Fonction de ce découpage : la multi-temporalité
Michel Foucault disait que les hétéro-topies sont « les espaces absolument neutres. En général, l'hétérotopie a pour règle de juxtaposer en un lieu réel plusieurs espaces qui, normalement, seraient, devraient être incompatibles. Le théâtre, qui est une hétérotopie, fait succéder sur le rectangle de la scène toute une série de lieux étranges. »
L'espace scénique de « 39-45 : où vas-tu gitan ? » met en scène cette hétérotopie en jouant sur les différences de temporalité au sein du triple découpage.
L'espace de narration : (à cour)
L'histoire qui se déroule au centre du plateau, bien que se déroulant dans le « passé », peut cohabiter avec le présent de la salle de représentation, par l'intermédiaire de l'espace de narration. Présent qui est celui du lieu et du public. L'espace de narration permet aussi l'apparition d'un « futur antérieur », qui permet aux personnages, ou au comédien, de lire et dire l'avenir, en marge de l'action.
L'espace de l'homme du 21ème siècle : (à jardin)
C'est celui d'un de nos contemporains devant sa télévision.
Cet espace permet d'élargir le présent de la salle à celui de l'époque actuelle toute entière. Et cela de façon analogue aux montages sonores qui ont pour but d'élargir l'espace de la scène.
Conclusion :
Nous assistons donc à une transversalité paradoxale : dans « 39-45 : où vas-tu gitan ? » c'est le son qui, alors habituellement assimilé au temps, révèle plutôt l'espace (en tant que hors-champ sonore) . Inversement, c'est l'image découpée de la scène, d'ordinaire assimilée à l'espace, qui matérialise le temps de l'Histoire et des individus (en tant que multi-temporel).
Le triple découpage scénique permet donc de faire fusionner des temporalités et des spatialités différentes, et ce pour le même audio-spectateur. L'effet final étant de donner à voir et à entendre un étrange rapprochement entre le passé et le présent, entre l'histoire se déroulant au centre de la scène, l'Histoire et l'actualité, pour permettre de nouvelles « perspectives » sur notre époque.

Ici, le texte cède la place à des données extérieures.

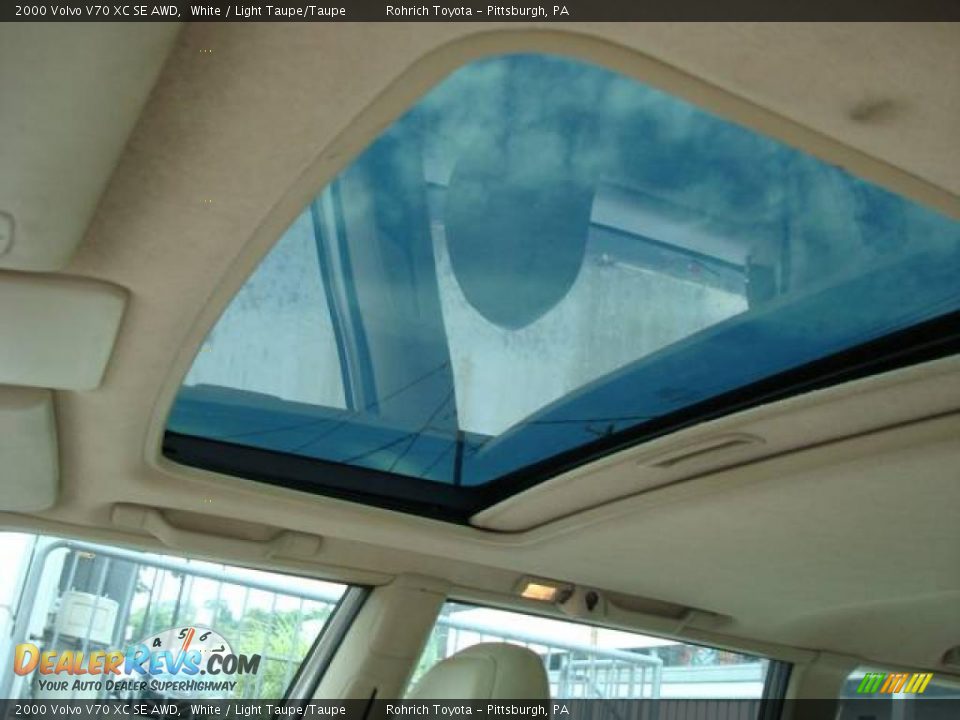 2000 Volvo V70 XC SE AWD White / Light Taupe/Taupe Photo #16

L'audio-spectateur peut ainsi mettre en relation ces trois espaces que le scénario fait habilement interagir.
L'image : entre fiction et réalité.
Plusieurs types d'images cohabitent au sein du spectacle, induisant ainsi plusieurs « niveaux de représentation », qui oscillent entre la fiction et la réalité.

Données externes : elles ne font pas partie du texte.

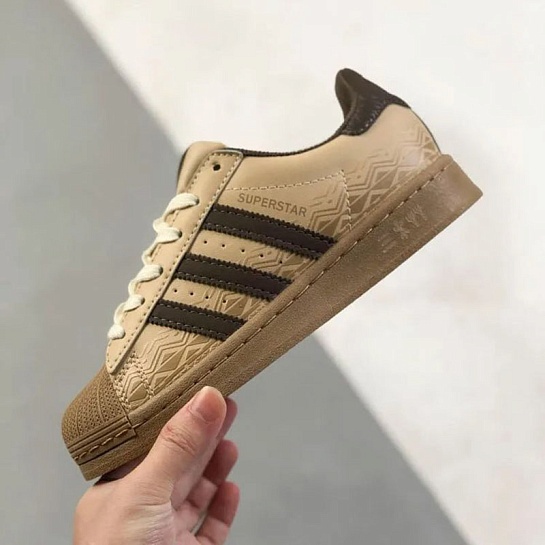 Кроссовки Adidas Superstar "Magic Beige Tribal"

Trois types d'images sont données à voir :
1. l'action théâtrale, les scènes de l'action proprement dite.
2. les tableaux : images définies par les lumières qui découpent certaines actions en les isolant, en créant dans le même temps des noirs lumière partiels.
3. les images vidéo : projetées sur un écran placé sur scène.

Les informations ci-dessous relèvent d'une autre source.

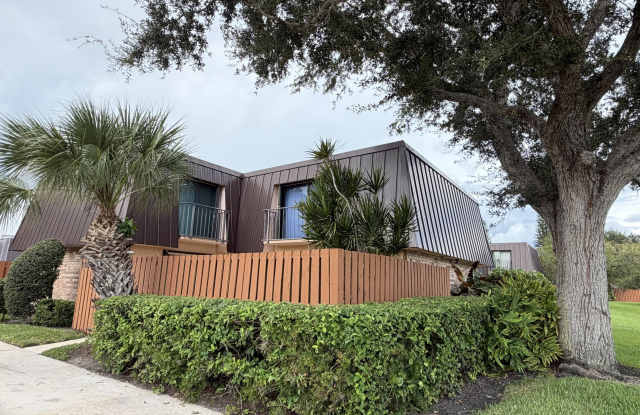 5820 SE WINDSONG Lane Gallery 2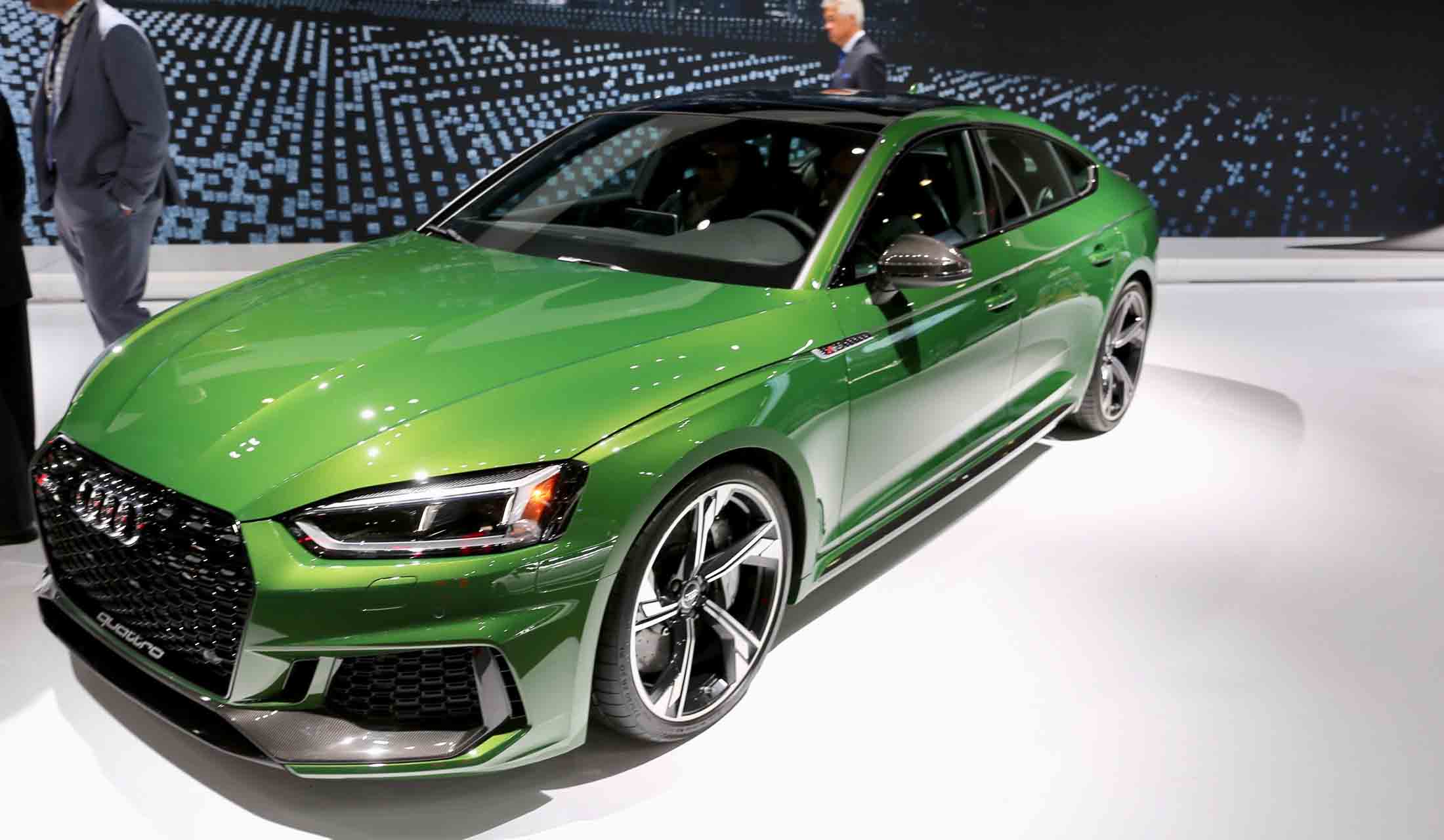 グリーンのイメージカラーで塗られたAudi RS5 Sportbackは、静止から時速100キロまでを3.9秒で加速する俊足ぶり。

Différents niveaux de représentation : le rôle des lumières
Les images de type 2 et 3 sont pour ainsi dire des « images dans l'image », et cette incrustation induit plusieurs niveaux de représentation. Par exemple : une découpe lumière peut surgir au cœur d'une scène d'action pour créer un tableau, produisant un effet de « suspension » poétique. Ainsi, et de la même manière que les montages sonores créaient un hors-champ spatial, les lumières permettent ici un hors-champ dramatique, ouvrant la voie à un symbolisme frappant et incitant à la réflexion.
La vidéo :
Alors que les deux premiers types d'images (scènes et découpes) appartiennent à la fiction, les images vidéo, en grande partie composées d'archives, projetées sur scène appartiennent à l'Histoire. Cette cohabitation rejaillit sur le statut de l'histoire des personnages elle-même : une telle histoire aurait pu se produire réellement, et il est même probable que des histoires « similaires » aient eu lieu pendant la période 1939-1945.
En mêlant images théâtrales et images d'archives, « 39-45 : où vas-tu gitan ? » rend perméable la limite entre fiction et réalité, rendant en quelque sorte les scènes théâtrales réelles.
Fiction et réalité :
Les images vidéo font partie intégrante de la narration et ne constituent pas de simples illustrations, inévitablement redondantes de l'action, mais plutôt un commentaire implicite ainsi qu'un rappel historique de ce qui fut réellement.
Cet « effet de réalité historique » permettra le passage à une réflexion sur la réalité « actuelle ».